Each factor that affects how RAS functions, and each genetic factor that concerns the expression of both proteases and RAS elements, may lead to a different expression of COVID-19 between different sexes, different ages, different races and population groups.
The involvement of ACE2, a renin-angiotensin converting enzyme receptor, which has an important role in RAS function, also works as a viral receptor in the case of COVID-19, allowing the virus to invade the host cytoplasm.
There is strong evidence in international literature that ACE2 and its expression are subject to regulatory, genetic, hormonal, age-related and other mechanisms.
In several cardiovascular and respiratory diseases, the expression of these receptors appears to be modified. The same is seen in other diseases, such as kidney disease and diabetes mellitus, where higher expression of ACE2 levels has been found, as well as increased protease activity, such as of ADAM17.
The Role of gene expression and transcriptional factors for Every single component, (ACE, AE2, AT1, AT2, MAS, ADAM17, TMPRSS2 maybe is truly decisive for the introduction infected in various cells of virus but also for the disease.
Research also shows that the role of its cleavage by ADAM17 or TMPRSS2 is important. It has also been reported that in SARS-CoV-2, where increased expression of Interleukin 1 beta occurs, an overactivity of ADAM17 is recorded at the early stages of infection.
Subsequently, the SARS-CoV-2 complex, with ADAM17-mediated regulation, may impair RAS function in certain cases. In short, the role of proteases is crucial.
Proteases, which play an important role in the cleavage of the Spike (S)-ACE2 complex, appear to function differently, and this may explain the different effects between sexes, ages and races.
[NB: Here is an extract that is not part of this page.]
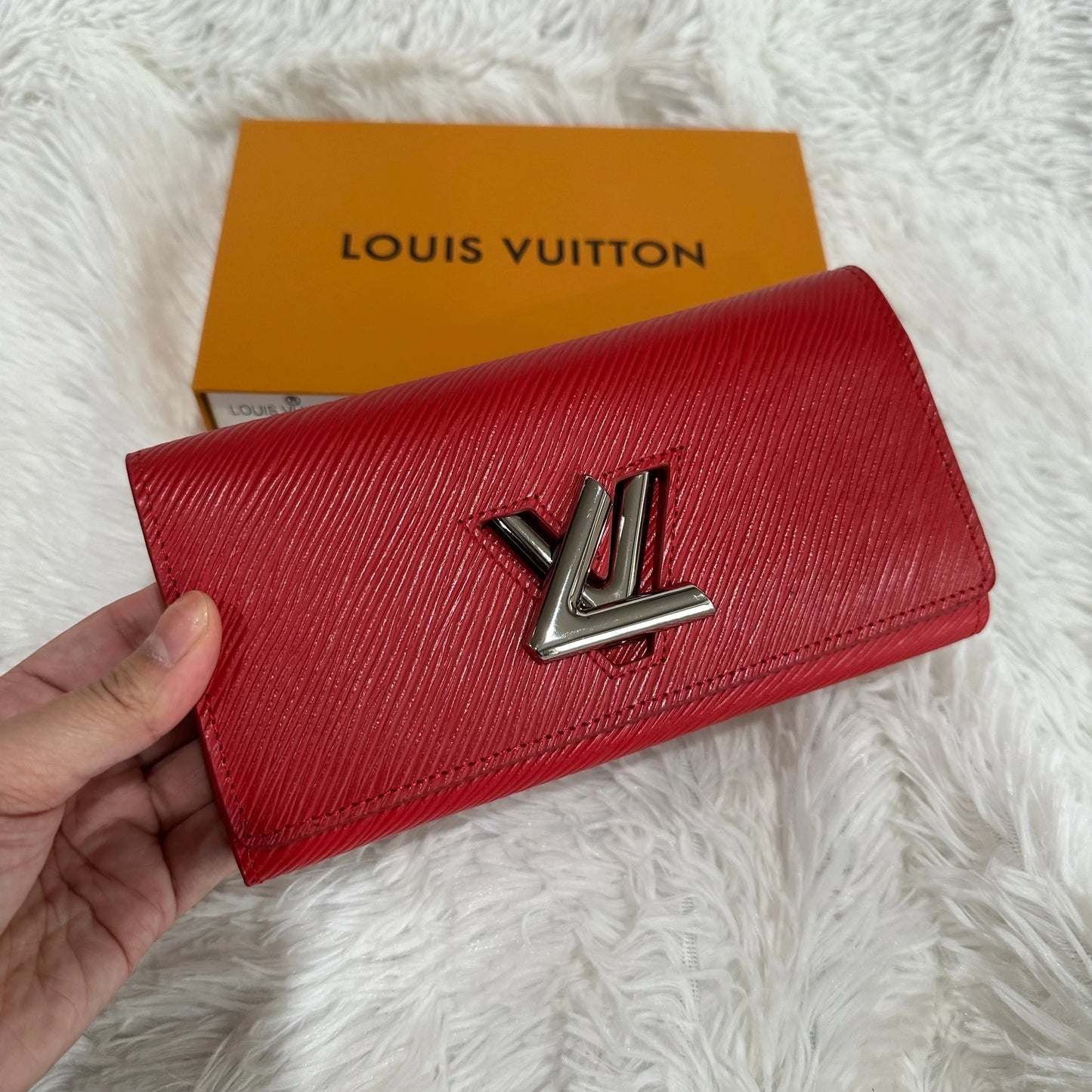 LV red twist long wallet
Interesting observations in international literature have recorded a differentiated expression of TMPRSS2 in the nasal epithelium of different race individuals. Higher mortality rates have also been reported in individuals with specific comorbidities and of specific age, which affect the different mediated expression of proteases.
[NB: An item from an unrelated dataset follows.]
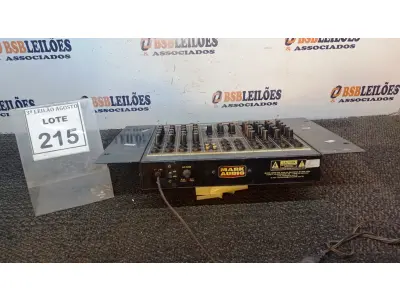 LOTE 215 - 01 MESA DE SOM. (NO ESTADO) ATENÇÃO! FAZER A VISITAÇÃO ANTES DE ARREMATAR, NÃO SABEMOS SE FUNCIONA, LEILÃO NÃO TEM GARANTIA E NEM DEVOLUÇÃO, SUJEITO A POSSÍVEIS AVARIAS VISÍVEIS/OCULTAS E/OU AUSÊNCIA DE COMPONENTES.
However, the factors involved are more complex, e.g., the pathway involving cathepsin L depends on the local microenvironment’s pH.
Furthermore, the transmembrane ACE2 receptor is found in the endothelial cells of various organs, and the gene that expresses it is polymorphic and expressed on the X chromosome. This raises the question of whether its expression and the activation of RAS is different between men and women, as well as what is the role of proteases and their different expression in different individuals. The expression of the ACE2 receptor is also affected by other factors, such as the lifestyle, age, and endocrine disorders, such as of the thyroid gland, as well as by habits such as smoking, perhaps through the alpha nicotinic receptor.
We may even refer to environmental factors, such as smog (air pollution) and others. Even a high-salt diet tends to affect the ACE-ACE2 ratio at kidney level. Glucose-rich foods may also affect this ratio by reducing ACE2.
As regards the ADAM17 protease, which is expressed in many tissues and endocrine organs, such as the ovaries, testes, pancreas, thymus gland, but also in other organs such as the heart, lungs, kidneys, small intestine, the study should be more extensive, since its expression appears to be affected by various factors, such as fibroblast growth factor (FGF7), activators of protein kinase C (PKC), purine receptor 2 (P2) agonists, but also in response to infections through toll-type receptors. Nonetheless, the action of ADAM17 is associated with the soluble active form of TNfa and the epidermal growth factor receptor (EGFR).
Finally, the configuration of the ADAM17 and EGFR receptor axis needs further investigation.
And the science research goes on.
I really hope and believe that the scientists all over the world with the intensive study, will soon give answers, which will progress medicine knowledge for many diseases.
It’s an ill wind that blows something good.